The 2nd Circuit Court of Appeals, in the case of U.S. v. Houtar, recently addressed the issue of whether the International Parental Kidnapping Crime Act (IPKCA) was unconstitutionally vague as applied against a father who had not actually abducted his children, but instead retained his children in Yemen after they had already lived there for several years.  The parents were married in Yemen, moved to the U.S., had children, and then returned to Yemen with the children.  They obtained a divorce in Yemen, and then returned to the U.S. separately, leaving the children with Mr. Houtar's family in Yemen. In September 2016, Mr. Houtar's ex-wife obtained a custody order from the Kings County Family Court, which ordered Mr. Houtar to bring the children back to the U.S. from Yemen.  He defied the order, fled the U.S., and resumed living in Yemen with the children.  The mother then went for three years without seeing the children.  Mr. Houtar was charged with 2 counts of parental kidnapping under IPKCA, and passport fraud. He plead guilty to the charges, but appeals on the question of vagueness as IPKCA applied to him, given that the children had already been living abroad and he didn't actually remove them from the U.S. and take them overseas. 
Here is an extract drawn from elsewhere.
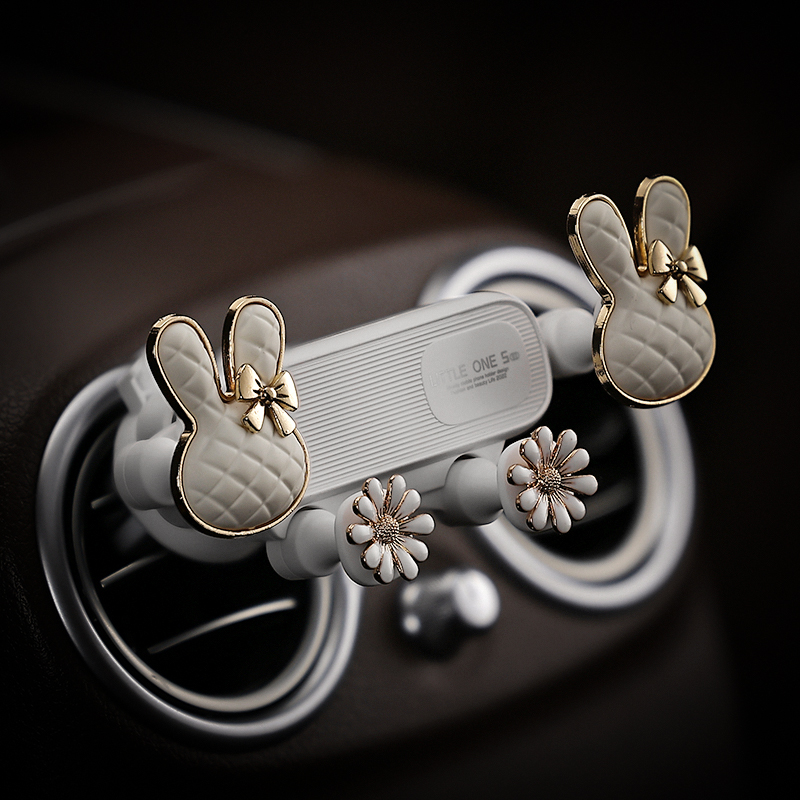 菱格小兔汽车手机支架车内出风口车载导航支架重力联动车上装饰品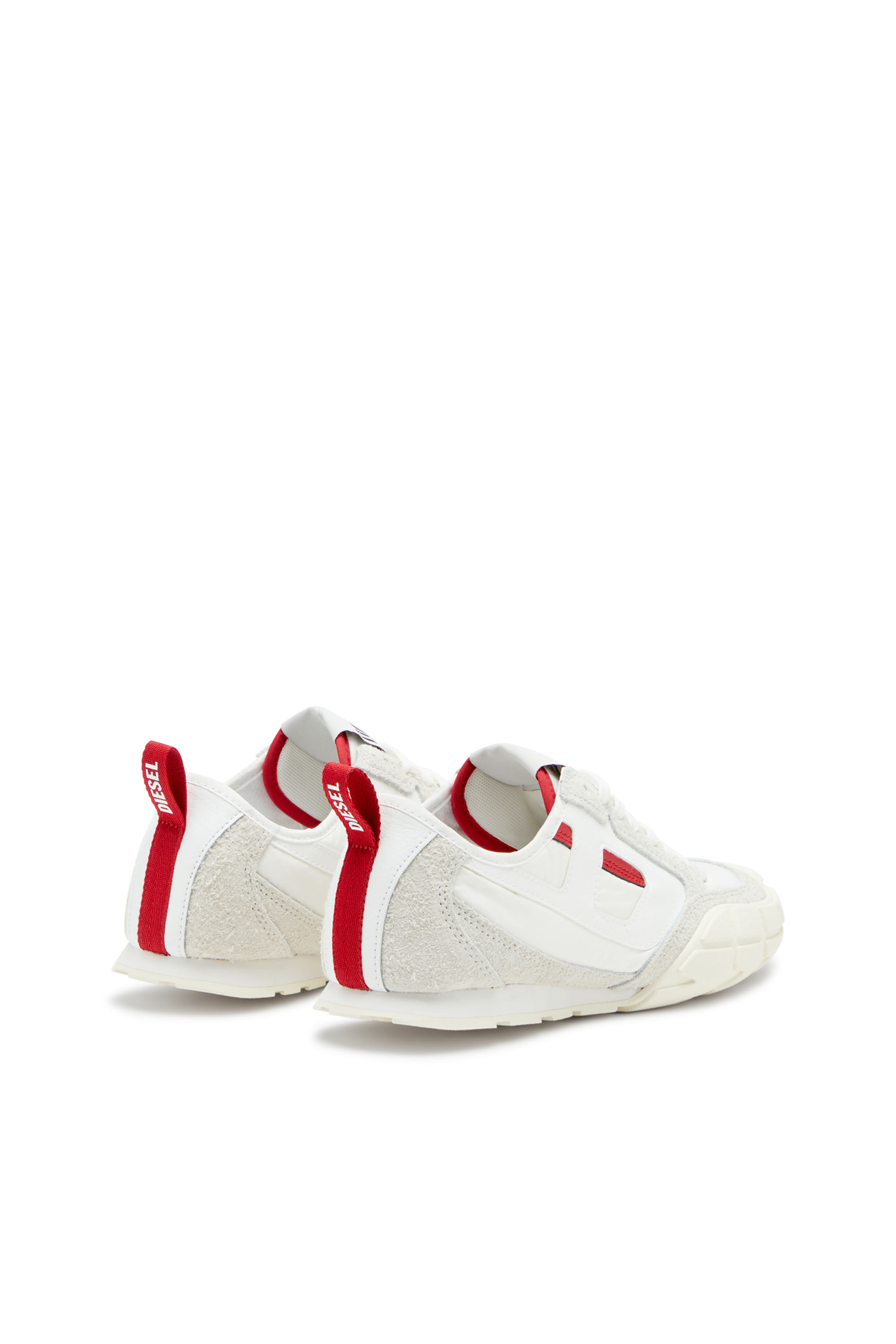 Diesel - S-PAGODHA LOW W, Female's S-Pagodha-Sneakers in leather, suede and ripstop in White/Red - 3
A statute can be unconstitutionally vague if it: "either 'fails to provide a person of ordinary intelligence fair notice of what is prohibited,' or is 'so standardless that it authorizes or encourages seriously discriminatory enforcement.'"  "To establish a violation of the IPKCA, the government must prove: (1) that the child had previously been in the United States; (2) that the defendant took the child from the United States to another country or kept the child from returning to the United States from another country; and (3) that the defendant acted with the intent to obstruct the lawful exercise of another person’s parental rights."   Unfortunately, Mr. Houtar's argument fails.  The statute does not require that the children have been in the United States immediately before their retention overseas, and it is clear that Mr. Houtar retained the children overseas, in violation of the NY custody order.  In that this is a federal criminal suit, it does not address the fact that Yemen apparently issued the initial custody order, and whether the New York court had authority under the UCCJEA to modify that initial order.